LoopVectorization.jl
LoopVectorization.jl copied to clipboard
Boil down vmap! variants, extend to reduce & mapreduce
There's a whole menagerie of vmap-related functions exported, corresponding to mutating/non-mutating, temporal/non-temporal stores, and singlethreaded/multithreaded. Eight versions of the same function are maintainable, but if some other boolean switch is added, that's sixteen, which could get unwieldy. Wrapper types might allow for a more Julian interface - something like
map!(Threaded(+), Nontemporal(out), a, b)
to replace
vmapntt!(+, out, a, b)
The introduction of Threaded(f) could be extended to reduce & mapreduce for a simple multithreaded reduction interface.
It should probably still be vmap!, as someone may want a non-threaded temporal version?
Otherwise, sounds good to me.
On second thought, using Threaded(f) would prevent the use of do-block syntax. Maybe it'd be better to move this under the @avx umbrella as a special case? e.g.

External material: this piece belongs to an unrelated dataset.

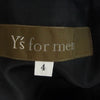 Y's Yohji Yamamoto ワイズ ヨウジヤマモト MM-J13-100 3ツボタン テーラード ジャケット ブラック系 4【中古】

@avx threads=true map!(C, A, B) do (a, b)
(a + b) / (a - b)
end
Related issue:
https://github.com/chriselrod/LoopVectorization.jl/issues/102
I think that's a reasonable long-term plan: have @avx read functions like map, mapreduce, dot, etc as loops, and let them mix with other such expressions.
Currently, @avx doesn't do temporal stores or threading itself, but these (especially threading) would be good additions.
Currently, the nice thing about the vmap code is that it is very simple.
It doesn't mix with the rest of the library, so map, mapreduce, and vfilter code may all be better off in another library.
A short-term change could be to just use keyword arguments.